Work request:
Under this line are records; the part from the line containing "Abbas Ali Syed stylish" through the line containing "CORD BUNGEY ASSORTED 10/PK" should be repeated exactly. Please exclude pictures.

------------------------------------

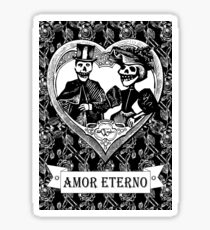 Pegatina Amor Eterno | Amor eterno | En blanco y negro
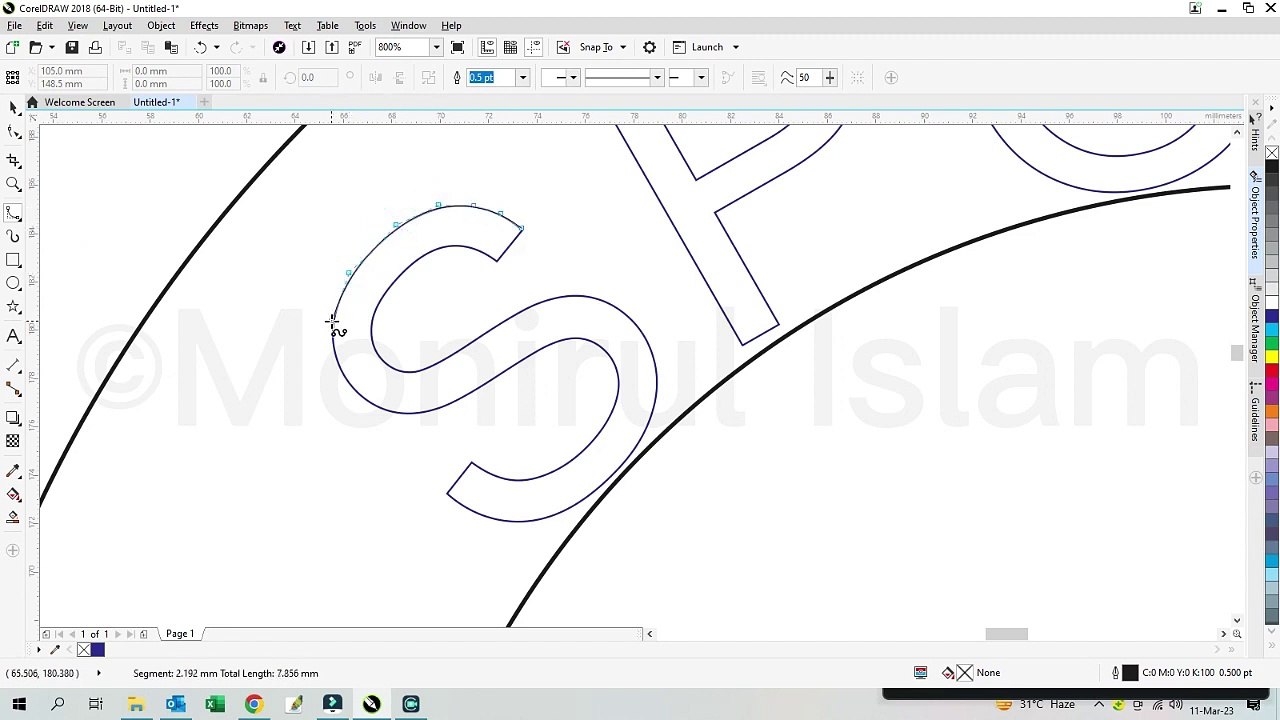 How to make a Logo in Corel Draw - video Dailymotion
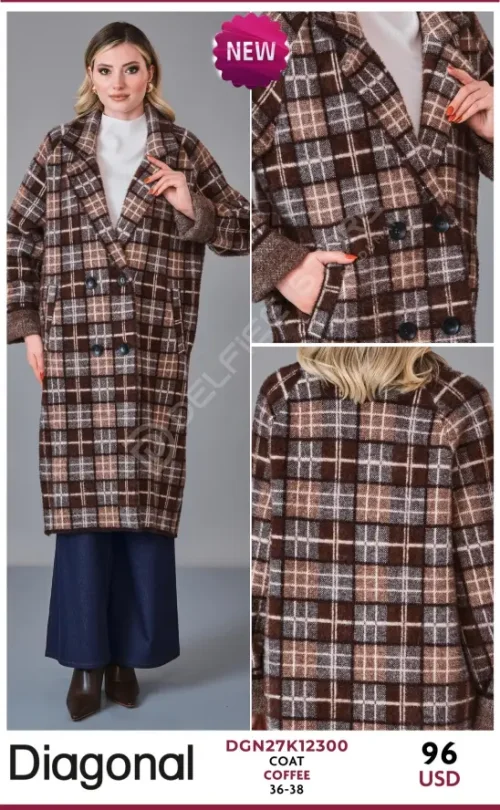 Пальто GREEN&COUNTRY (Brown, модель DGN27K12300) оптом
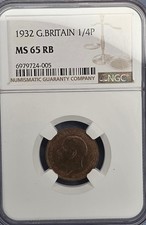 1932 Great Britain 1/4 Penny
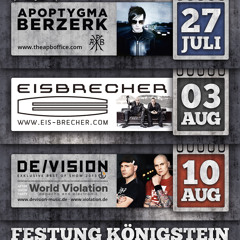 Apoptygma Berzerk, Eisbrecher, De/Vision · Spot 1 (Festung Königstein Open Air's 2013)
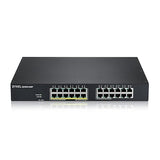 Zyxel 24-Port PoE Gigabit Switch | Smart-Managed | 12x PoE+ Ports @130W | Optional Nebula Cloud | Rackmount [GS1915-24EP] 24-Port | 12x PoE+ 170W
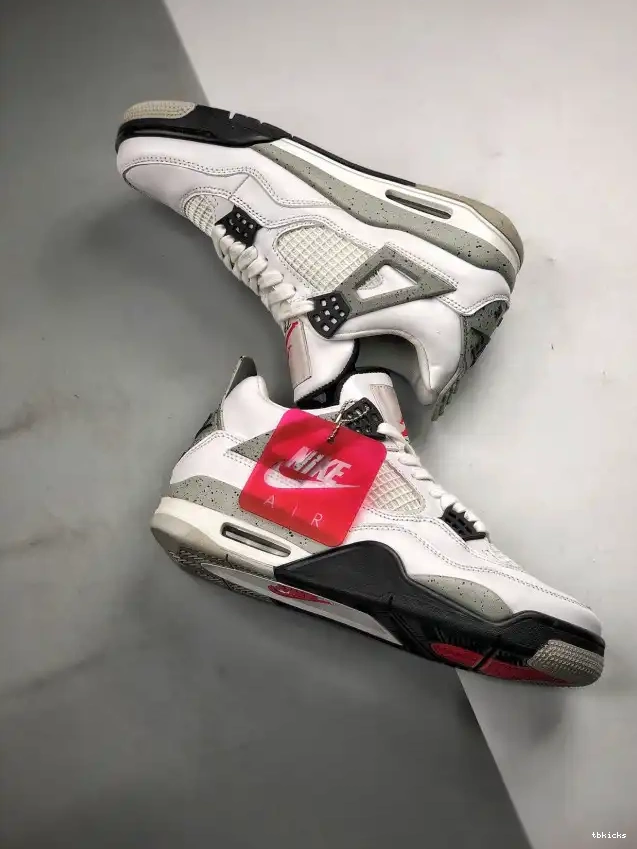 Cheap TBK White (nike) Air Cement 4 OG 840606-192 Jordan 0209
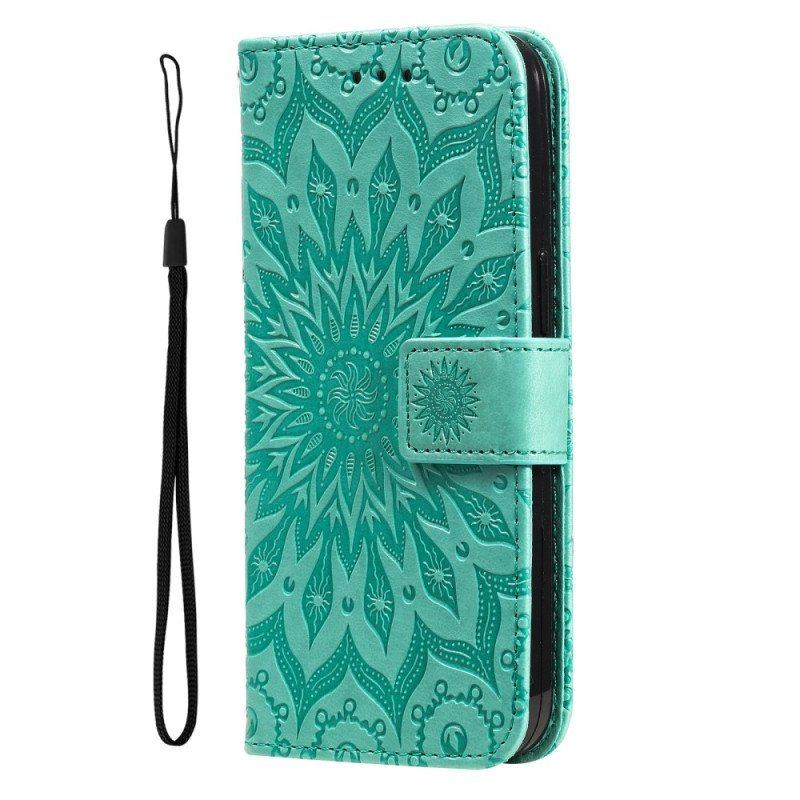 Etui Folio do Xiaomi 12 Lite Mandala Sun Ze Smyczą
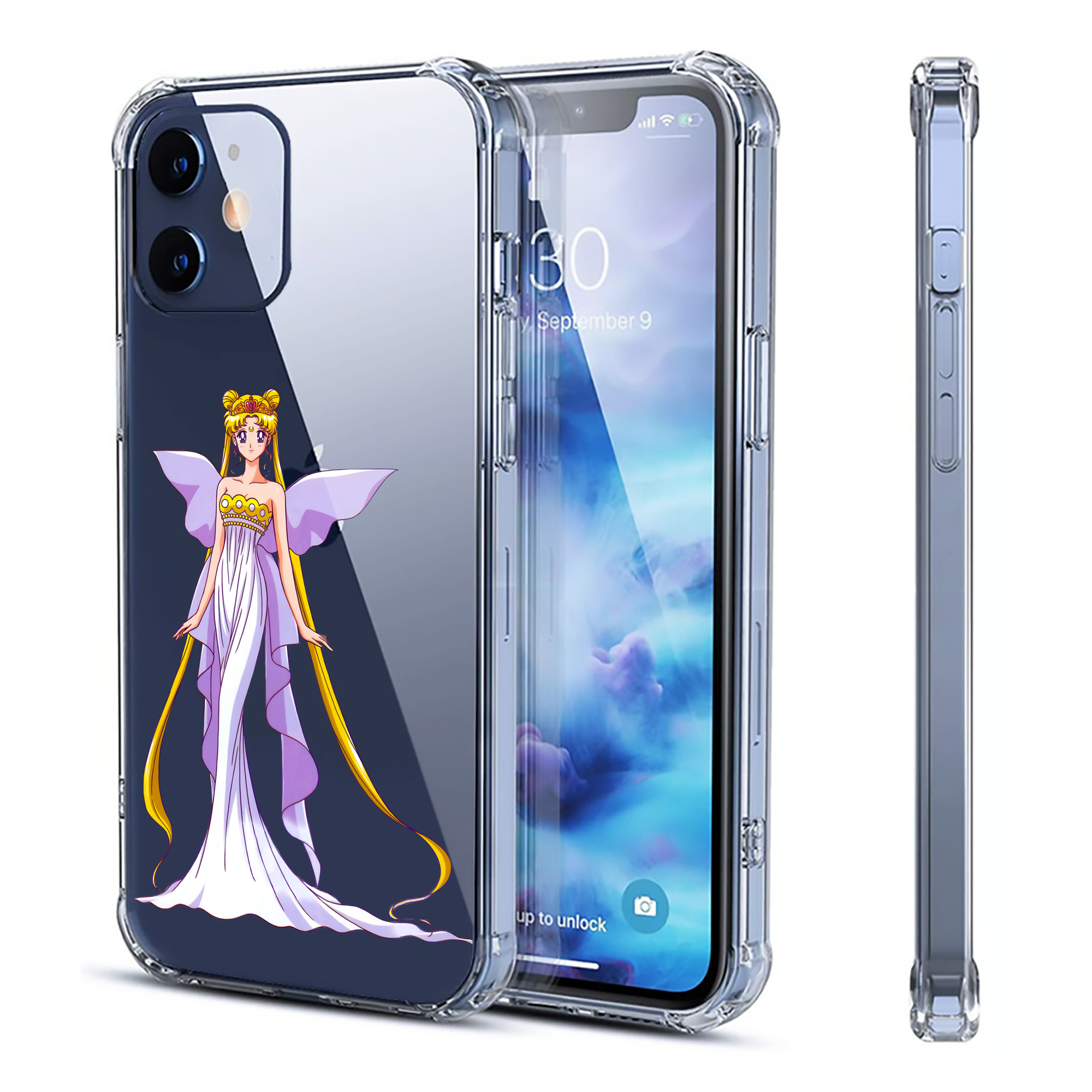 （画像用） 美少女戦士セーラームーン 愛野 美奈子 あいの みなこ Sailor Moon Aino Minako 【iPhone 12シリーズ対応】透明スマホケース（クリアソフトケース）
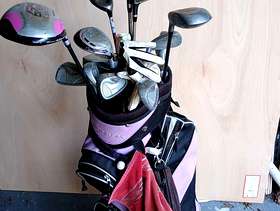 Freecycle Golf Clubs with bag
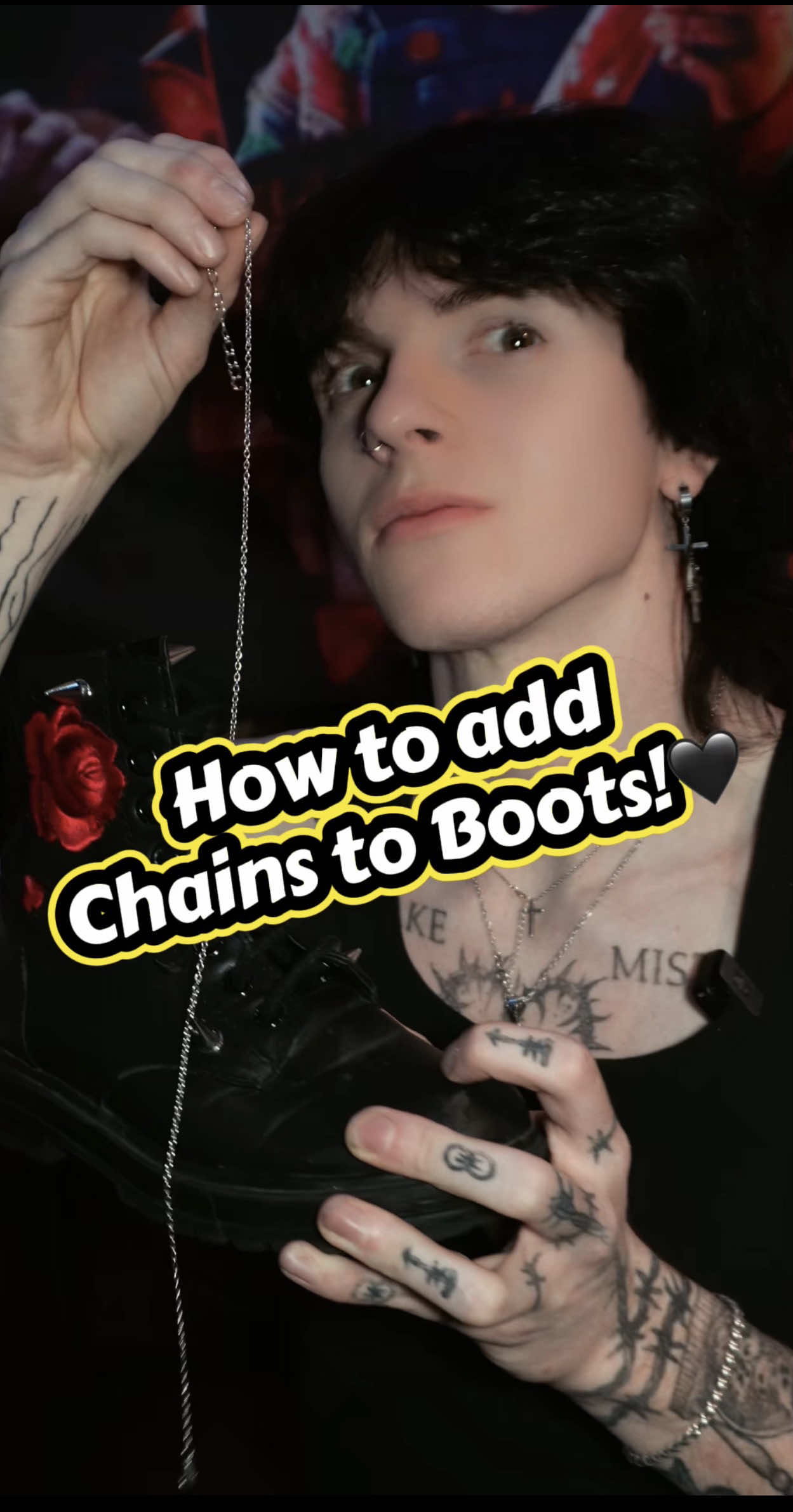 How to add Chains to Boots!🕷️🦇 | Alt DIY Classroom #altdiyclassroom #altfashion #upcycle #DIY #alternative 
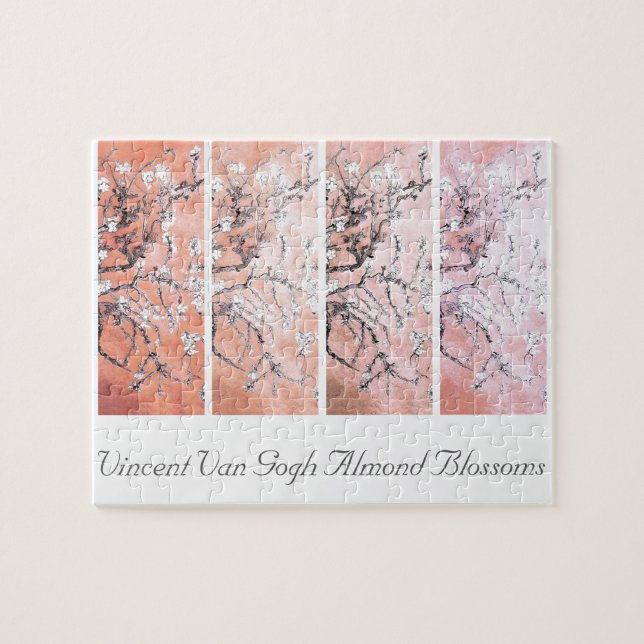 Puzzle Van Gogh Almond Blossoms Peach Pink (Horizontal)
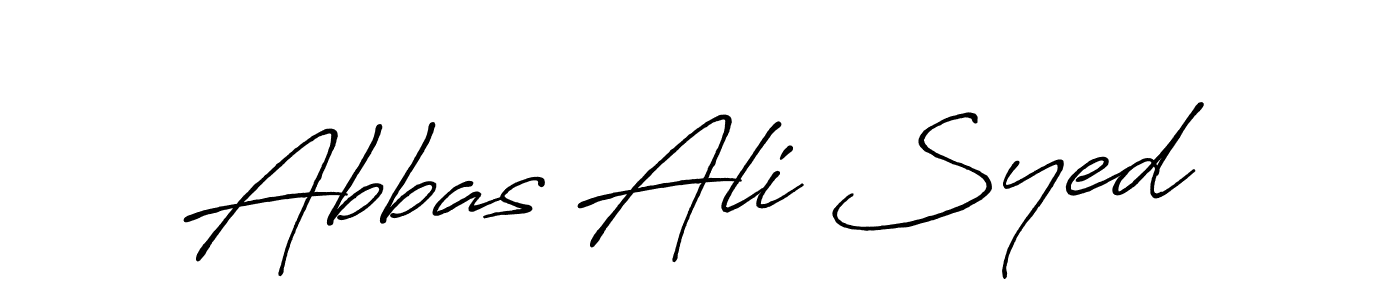 Abbas Ali Syed stylish signature style. Best Handwritten Sign (Antro_Vectra_Bolder) for my name. Handwritten Signature Collection Ideas for my name Abbas Ali Syed. Abbas Ali Syed signature style 7 images and pictures png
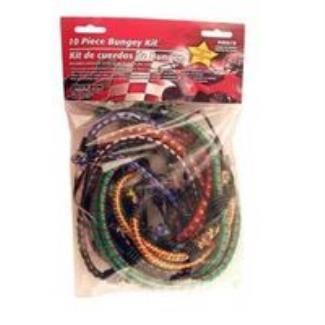 CORD BUNGEY ASSORTED 10/PK
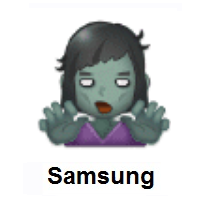 Woman Zombie on Samsung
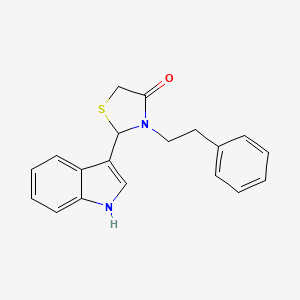 2-(1H-Indol-3-yl)-3-(2-phenylethyl)-4-thiazolidinone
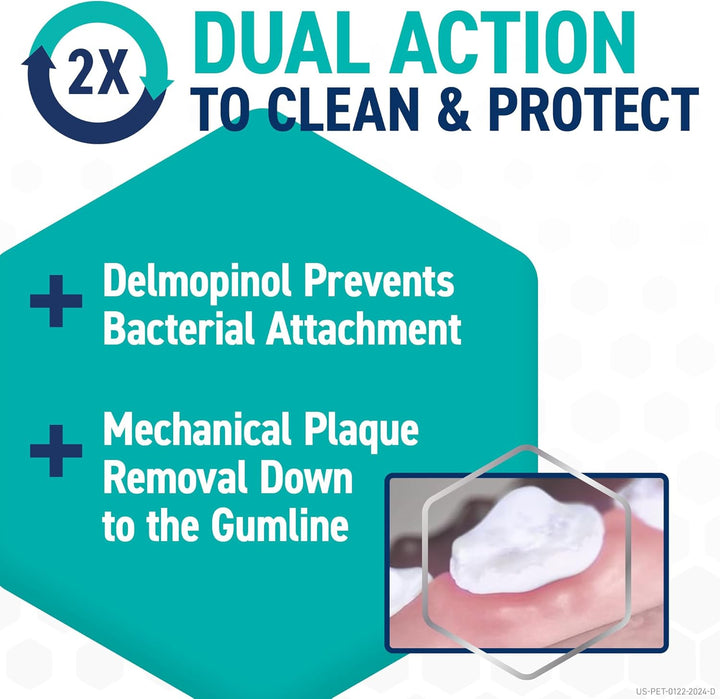 Dental Chews for Dogs, Oral Care and Hygiene Chews (Small Dogs, 10-24 Lbs.) Blue Pouch, 30 Count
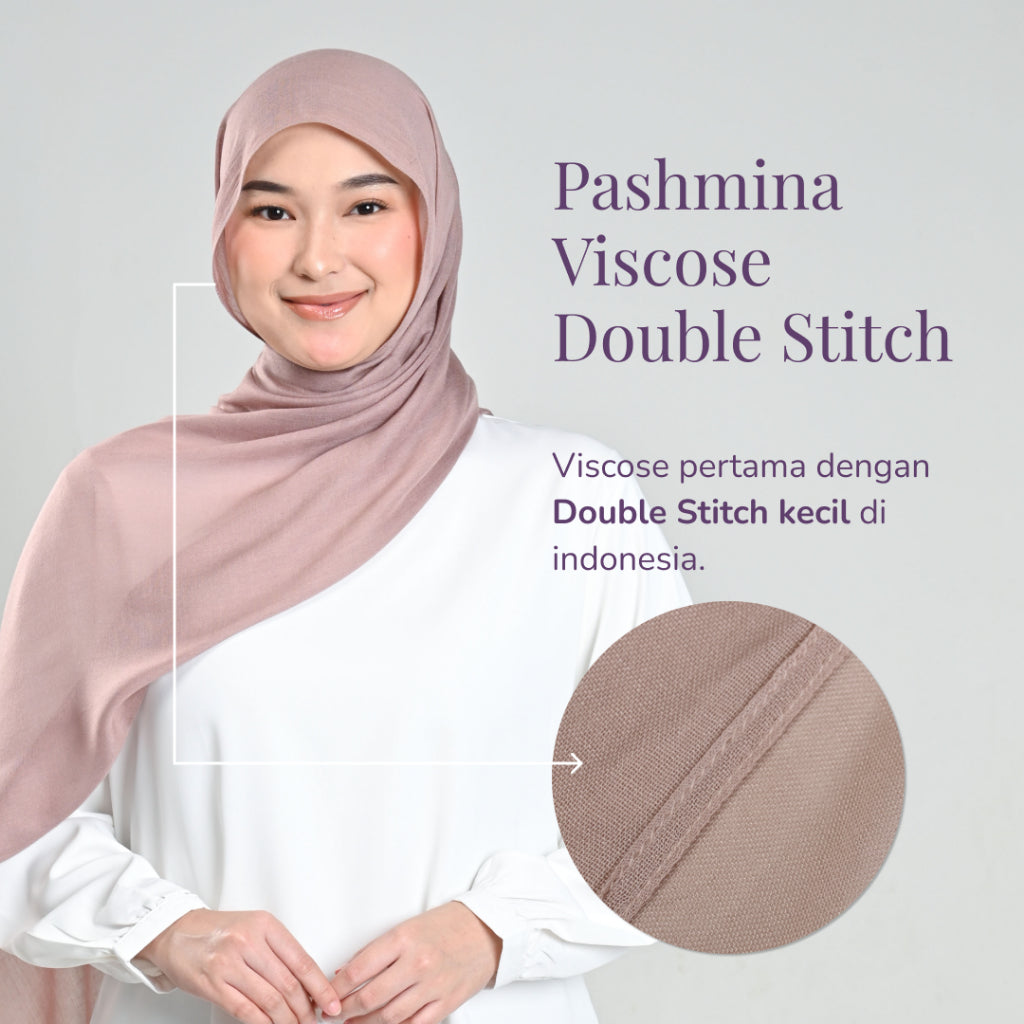 Hijaberies - Viscose Modal Double Stitch Pashmina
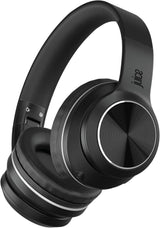 Juice Go Wireless Bluetooth Foldable Over-Ear Headphones - Black - Kazoop 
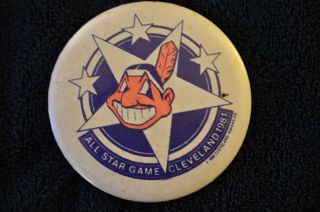 Cleveland Indians Pinback From 1981 All Star Game Rare And Unusual Wow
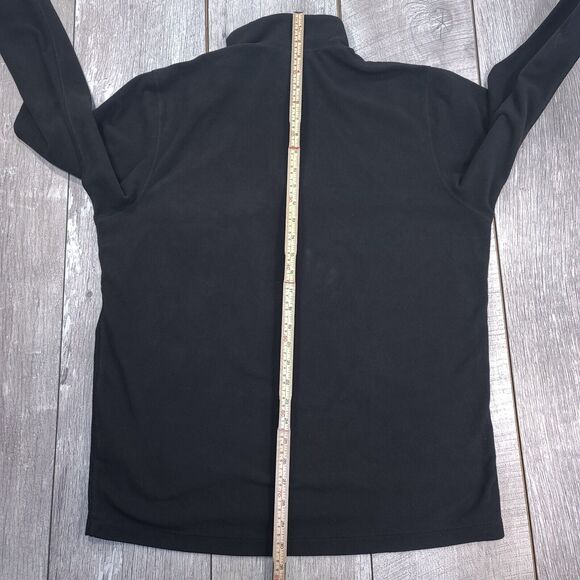 Helly Hansen Pocket Fleece Mens Large Black 1/4 Zip Pullover Sweater Jacket Top - Picture 9 of 10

------------------------------------

Answer:
 Abbas Ali Syed stylish signature style. Best Handwritten Sign (Antro_Vectra_Bolder) for my name. Handwritten Signature Collection Ideas for my name Abbas Ali Syed. Abbas Ali Syed signature style 7 images and pictures png
 CORD BUNGEY ASSORTED 10/PK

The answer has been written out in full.